The best track on the record though is the seven-minute opus to the death of the American dream, “We Can’t Make It Here Anymore.” If you ever want to understand the frustration of the lives of blue-collar folks eking out an existence in America’s rust belt, this is the song for you. There’re too many brilliant vignettes of misery to pick just one, so I’ll settle for the song’s summation:

“In Dayton Ohio or Portland Maine
Or a cotton gin out on the great high plains
That’s done closed down along with the school
And the hospital and the swimming pool
Dust devils dance in the noonday heat
There’s rats in the alley and trash in the street
Gang graffiti on a boxcar door
We can’t make it here anymore.”

Memorial Day” is another standout, a demonstration of how McMurtry is a master of telling a narrative that is specific to one family’s holiday experience, but evocative of all. Like a master DJ, McMurtry has great landing lines that complete a melody, a rhyme and a stark truth.
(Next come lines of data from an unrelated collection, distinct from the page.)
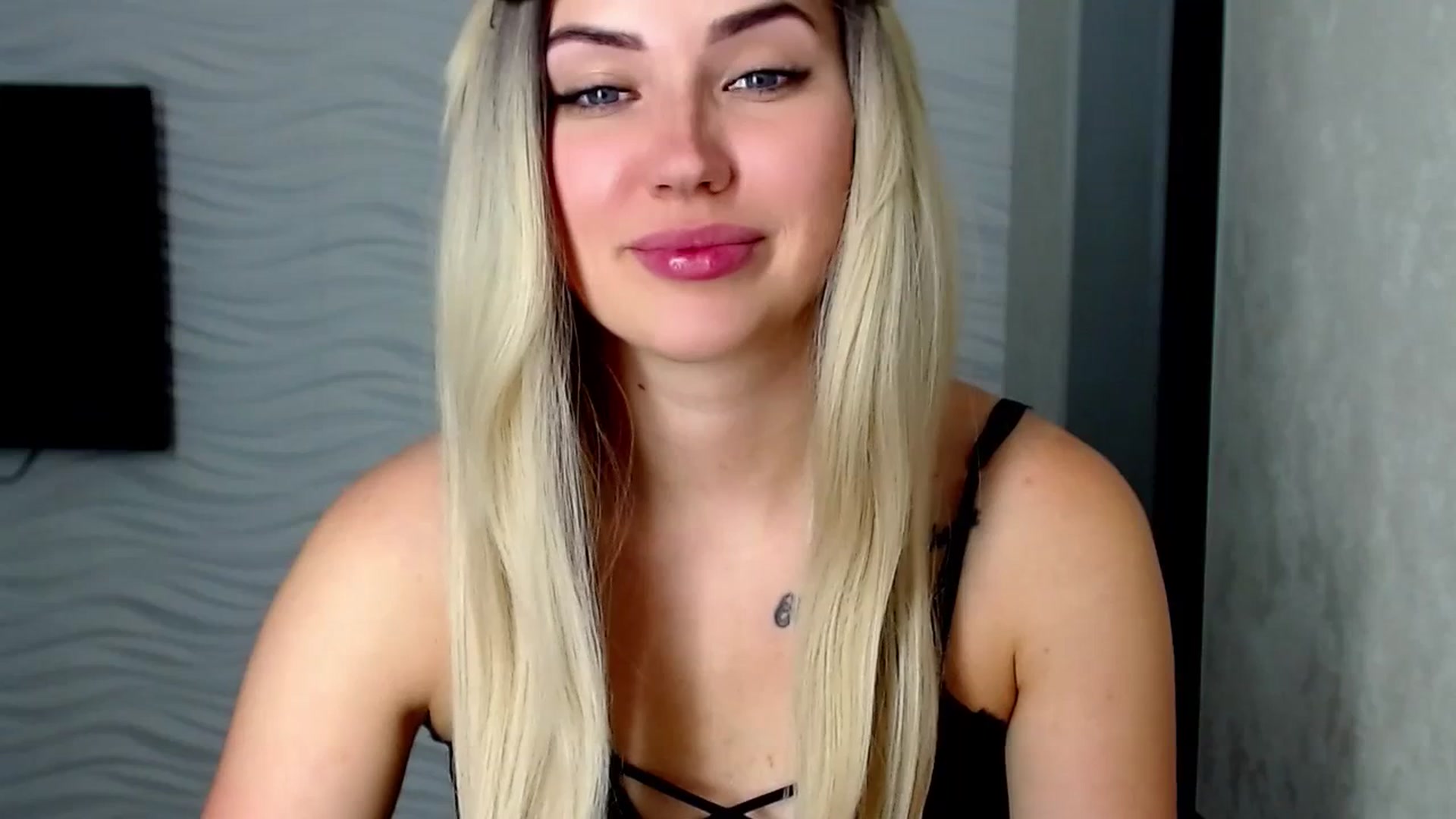 Gallery image thumbnail from SinfulAngelll's myfreecams stream on, 06/29/2023, 16:00 image 4 of 20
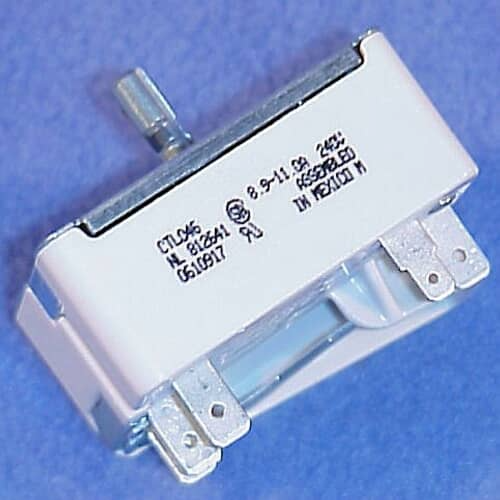 GE Infinite Switch with specifications CTL046, NL 812641, 8.9-11.0A 240V printed on the side.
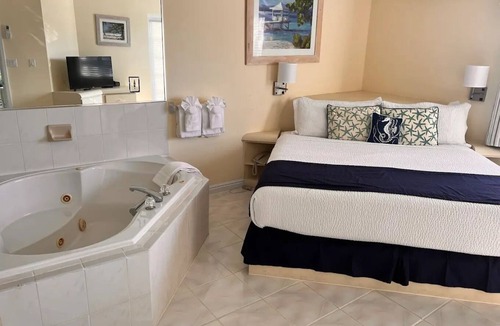 Nassau Resort | Sandyport Beach Resort: Beachfront Comfort, Island Style!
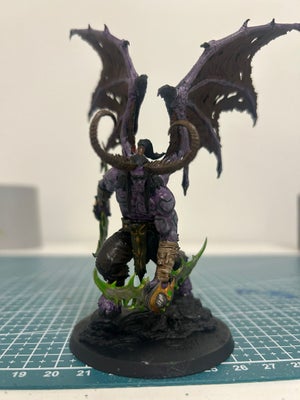 Andet, Warcraft, illidan miniature 3d printet med resin. Malet næsten færdig. 

På billede 5 kan du 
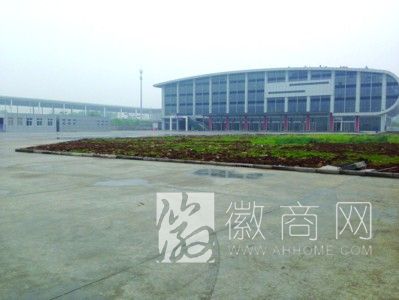 <a href='display.asp?id=11443'  target='_blank'>滁州</a>新<a href='display.asp?id=18138'  target='_blank'>汽车</a>站每日乘客不足百名 建设投资达两亿
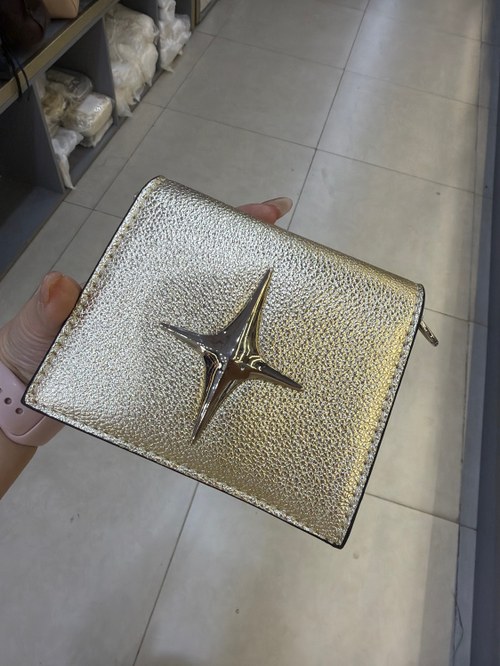 Cor Dourado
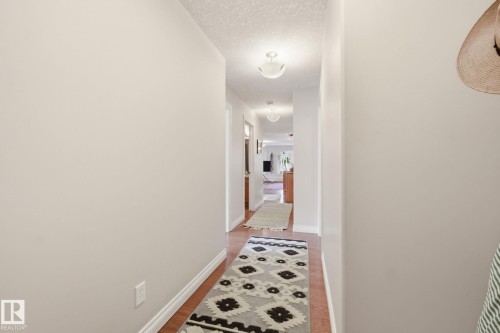 201 10235 116 Street, Edmonton, AB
You can feel that last line coming like a train in the distance, and when it finally arrives it hits with full impact, like this:

Daddy's in the big chair sippin' on a cold beer
Grandma's cuttin' a switch
She overheard Mary cussin' her brother
Called him a son of a bitch
She got a good green limb off a sweet gum sapling
Man that's bound to sting

“But Mary don't cry just stands there and takes it
Doesn't seem to feel a thing
No Mary don't cry, you know she's a big girl
Wonder what made her so mad
She takes those licks looking in through the den door
Staring right straight at her dad.”

The best part about these stanzas is how they tell half the story, and let your mind imagine the rest. I imagine there’s a whole host of complex relationships going on here, and more than a few secrets, but not even the sting of the switch is bringing it to light this Memorial Day.

For all of this brilliance, the album is a bit uneven in places. “See the Elephant” is supposed to capture childlike exuberance but it felt like a forced metaphor, and it doesn’t help it is the lead song on the record. “Holiday” is a great song, but it made for one too many ‘family gathering’ vignettes on a single album. I’d have saved this one for another record if I’d been in the control room.

Overall this is another James McMurtry classic. He won’t blow the doors off with his vocals, and he’s not pretty like some new country hunk, but he writes one hell of a story, and sings it in a way that makes you want to hear it multiple times over.

Best tracks: Childish Things, We Can’t Make It Here Anymore, Restless, Memorial Day, Old Part of Town

1 comment:

Sheila said...

You also have the reflection of the gorgeous Yvonne in your sunglasses. That picture is from a Day of Indolence a couple of years ago.